Settimana Santa, in un’epoca intrisa di lacrime e sangue. Il 2020 ci sta segnando e insegnando a frequentare un Linguaggio differente, dobbiamo necessariamente calarci in altri panni, dismettere i vecchi tessuti di perbenismo, ipocrisia e “corsa al fare per ottenere”. Il periodo, che ci sta facendo macerare lentamente dentro le nostre pseudo certezze, rendendole carta buona per pulire i vetri, è della sopravvivenza più assoluta. Occorre rifondare tutto e bisogna ripartire dalle parole.

“CAMERE CON VISTA”, giovedì 9 aprile, ha visto Roberto Mendolia, ospite nella chat room social, insieme agli inseparabili di “Taoclick”: Rocco Bertè, Augusto Filistad, Alfio Barca e Lillo Laganà a far andare tutto per il giusto verso. Gli incontri, che hanno l’intento dichiarato di porre al centro e lateralmente e in maniera trasversale la fotografia, non si limitano a mostrare immagini ma hanno l’urgenza di affrontare narrazioni da prospettive diverse: quelle di chi la fotografia la esercita come professione o per passione o soltanto come un vezzo curioso.
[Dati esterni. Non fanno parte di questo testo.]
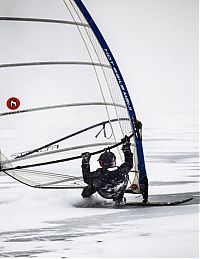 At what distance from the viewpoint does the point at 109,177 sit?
3.13m

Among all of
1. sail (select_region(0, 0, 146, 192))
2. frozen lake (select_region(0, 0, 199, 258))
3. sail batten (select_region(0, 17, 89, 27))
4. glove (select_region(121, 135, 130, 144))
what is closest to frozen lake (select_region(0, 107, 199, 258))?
frozen lake (select_region(0, 0, 199, 258))

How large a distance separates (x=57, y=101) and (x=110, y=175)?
1.42 feet

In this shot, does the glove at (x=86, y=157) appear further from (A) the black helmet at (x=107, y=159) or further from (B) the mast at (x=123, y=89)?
(B) the mast at (x=123, y=89)

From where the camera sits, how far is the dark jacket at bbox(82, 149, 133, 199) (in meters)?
3.13

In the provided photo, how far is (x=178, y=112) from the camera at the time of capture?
5082 mm

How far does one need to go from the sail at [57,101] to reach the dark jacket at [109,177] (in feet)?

“CAMERE CON VISTA” ha scelto le parole come inni di una battaglia in questa guerra devastante dove tutto è già diverso “hic et nunc”: #contagiofotografico e #iorestoacasa. “JonicaReporter” e il suo direttore Valeria Brancato, una volta di più e con convinta determinazione, a sostegno dell’iniziativa.
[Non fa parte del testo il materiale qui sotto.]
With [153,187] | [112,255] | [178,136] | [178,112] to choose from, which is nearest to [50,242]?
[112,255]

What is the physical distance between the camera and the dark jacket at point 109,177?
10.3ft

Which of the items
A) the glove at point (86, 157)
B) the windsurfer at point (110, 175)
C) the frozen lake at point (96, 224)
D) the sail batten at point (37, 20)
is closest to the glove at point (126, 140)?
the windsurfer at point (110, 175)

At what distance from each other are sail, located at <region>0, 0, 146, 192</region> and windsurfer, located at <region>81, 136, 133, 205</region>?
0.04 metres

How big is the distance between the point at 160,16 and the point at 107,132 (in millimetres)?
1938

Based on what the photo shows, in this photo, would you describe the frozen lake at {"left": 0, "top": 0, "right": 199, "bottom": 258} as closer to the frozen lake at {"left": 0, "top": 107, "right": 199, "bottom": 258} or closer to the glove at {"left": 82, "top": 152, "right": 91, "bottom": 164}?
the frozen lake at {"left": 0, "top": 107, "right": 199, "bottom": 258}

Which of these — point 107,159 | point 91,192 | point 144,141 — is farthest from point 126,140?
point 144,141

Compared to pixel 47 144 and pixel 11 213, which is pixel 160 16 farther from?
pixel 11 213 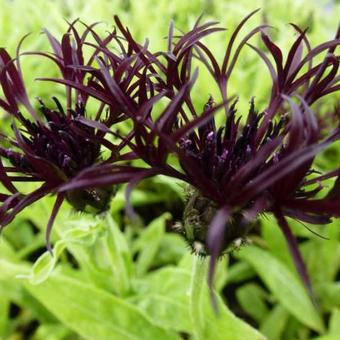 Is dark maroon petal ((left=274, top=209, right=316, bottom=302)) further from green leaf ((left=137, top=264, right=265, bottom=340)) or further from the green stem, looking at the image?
green leaf ((left=137, top=264, right=265, bottom=340))

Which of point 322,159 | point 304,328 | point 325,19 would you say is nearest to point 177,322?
point 304,328

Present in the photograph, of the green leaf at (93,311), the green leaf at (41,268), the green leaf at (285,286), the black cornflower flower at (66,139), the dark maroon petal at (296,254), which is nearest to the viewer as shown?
the dark maroon petal at (296,254)

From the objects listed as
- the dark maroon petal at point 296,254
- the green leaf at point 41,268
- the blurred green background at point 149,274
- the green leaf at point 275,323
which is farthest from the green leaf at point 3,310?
the dark maroon petal at point 296,254

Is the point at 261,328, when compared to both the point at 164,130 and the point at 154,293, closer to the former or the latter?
the point at 154,293

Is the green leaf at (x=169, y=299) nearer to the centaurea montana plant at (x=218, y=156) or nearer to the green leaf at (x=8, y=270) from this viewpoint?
the green leaf at (x=8, y=270)

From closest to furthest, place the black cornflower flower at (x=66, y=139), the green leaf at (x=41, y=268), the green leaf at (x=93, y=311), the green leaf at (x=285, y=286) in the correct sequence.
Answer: the black cornflower flower at (x=66, y=139), the green leaf at (x=41, y=268), the green leaf at (x=93, y=311), the green leaf at (x=285, y=286)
L’appuntamento di giovedì 9 ci ha permesso di ascoltare Roberto Mendolia (Rogika) con la “sua fotografia”. Desidero dire, anzitutto, che seguo il lavoro di Rogika da molto tempo e di lui ho scritto molto, quindi potrebbe sembrare che tutto sia stato già detto. Invece, il non detto traspare ad ogni emissione di immagine e parola per chi ha fatto della fotografia un modello di vita attraverso la scrittura “di e con” la luce. Quindi dirò di Rogika, riferendomi a lui non come fotografo perché non lo è, ma è uno che usa la macchina fotografica come strumento per dire e scrivere. Rogika, a mio avviso, è un autore nel senso più pregnante che questa parola contiene e trasmette. Un autore perché nel suo percorso ha deciso di affrontare la realtà e di tradurla come fosse un testo a tutti gli effetti. Galileo vedeva nella Natura il più completo libro sacro da tradurre attraverso il metodo scientifico e Rogika utilizza lo strumento della macchina fotografica e della tastiera di un computer – sarebbe bello vederlo tornare all’analogico che lo permea sempre come un destino e trovarlo a scrivere con quell’Olivetti, che si intravede durante le dirette “Facebook” da casa sua – per narrare la sua visione del mondo e darne interpretazione con un piede nel passato, e le mani che si aggrappano al presente per dire ancora: «Sono vivo. Siamo vivi!».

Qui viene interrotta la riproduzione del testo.